DATA FOR ANALYSIS
Segment Open
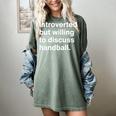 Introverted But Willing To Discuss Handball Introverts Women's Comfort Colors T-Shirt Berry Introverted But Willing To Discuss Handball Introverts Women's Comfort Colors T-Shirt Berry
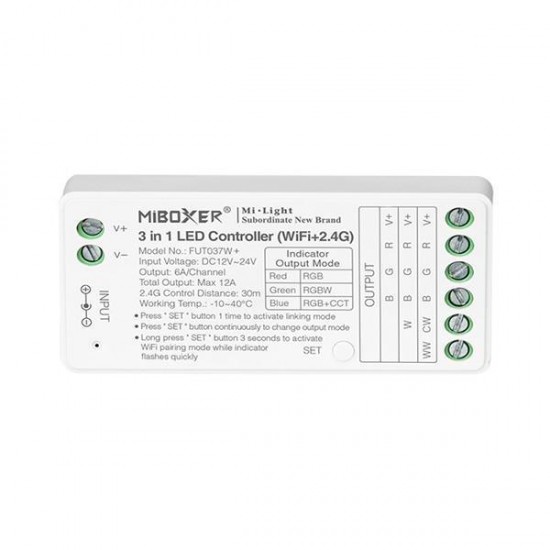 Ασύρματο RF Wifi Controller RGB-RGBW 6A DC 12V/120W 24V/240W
Segment Closed
Segment Open
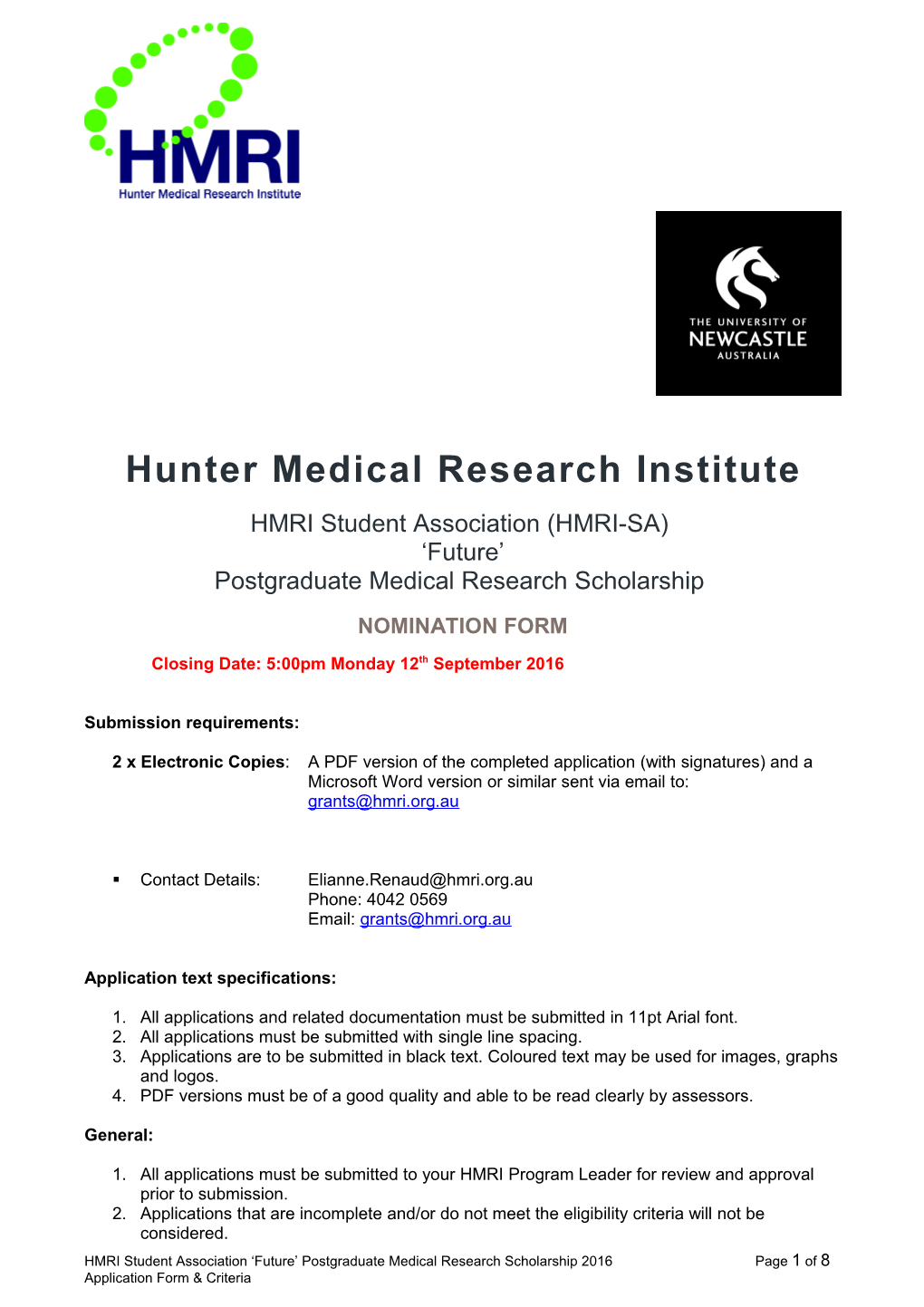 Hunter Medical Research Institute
Segment Closed
WHAT IS EXPECTED
Within the listing above, the lines from the one with "T-Shirt Berry Introverted" through the one with "Ασύρματο RF Wifi" are to be given again word for word. Do not include pictures.

RESPONSE
 Introverted But Willing To Discuss Handball Introverts Women's Comfort Colors T-Shirt Berry Introverted But Willing To Discuss Handball Introverts Women's Comfort Colors T-Shirt Berry
 Ασύρματο RF Wifi Controller RGB-RGBW 6A DC 12V/120W 24V/240W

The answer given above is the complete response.